| DATA TO EXAMINE |
----------

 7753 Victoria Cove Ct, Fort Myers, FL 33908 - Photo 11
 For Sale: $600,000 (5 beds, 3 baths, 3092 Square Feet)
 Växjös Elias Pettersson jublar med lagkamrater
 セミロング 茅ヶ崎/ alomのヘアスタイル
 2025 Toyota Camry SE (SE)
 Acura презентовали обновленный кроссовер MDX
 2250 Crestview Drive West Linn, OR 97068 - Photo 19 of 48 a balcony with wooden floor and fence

----------

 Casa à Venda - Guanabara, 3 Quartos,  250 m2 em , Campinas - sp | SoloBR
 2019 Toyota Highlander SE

----------

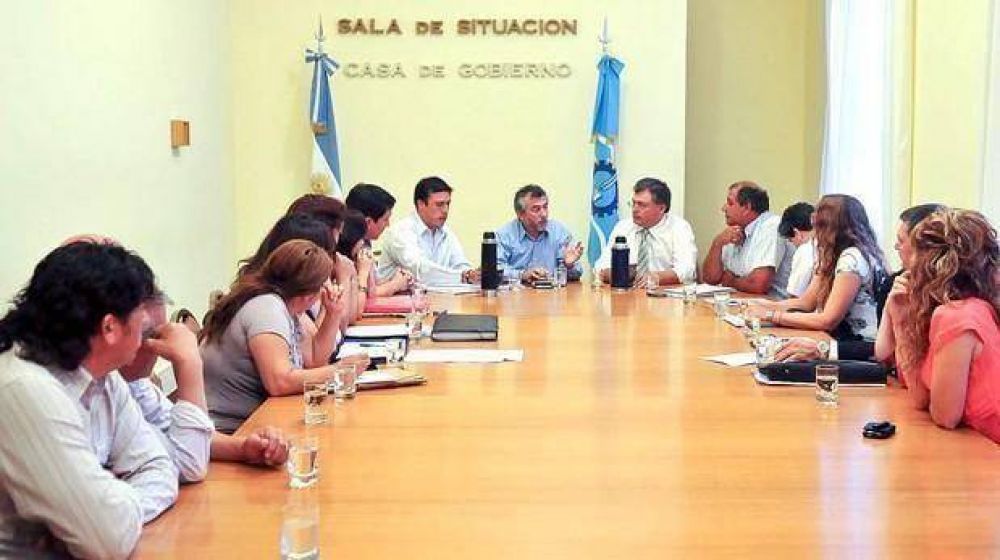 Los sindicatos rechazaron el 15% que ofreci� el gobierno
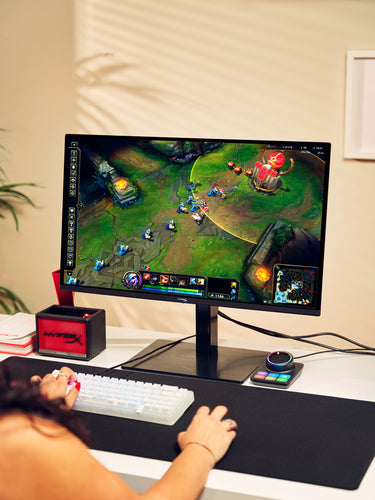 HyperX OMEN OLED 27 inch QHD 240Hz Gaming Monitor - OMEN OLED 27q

----------

| THE PROBLEM |
Output should match, line for line, the stretch of the material above from the line holding "7753 Victoria Cove" through the line holding "2250 Crestview Drive".

| WRITTEN RESPONSE |
 7753 Victoria Cove Ct, Fort Myers, FL 33908 - Photo 11
 For Sale: $600,000 (5 beds, 3 baths, 3092 Square Feet)
 Växjös Elias Pettersson jublar med lagkamrater
 セミロング 茅ヶ崎/ alomのヘアスタイル
 2025 Toyota Camry SE (SE)
 Acura презентовали обновленный кроссовер MDX
 2250 Crestview Drive West Linn, OR 97068 - Photo 19 of 48 a balcony with wooden floor and fence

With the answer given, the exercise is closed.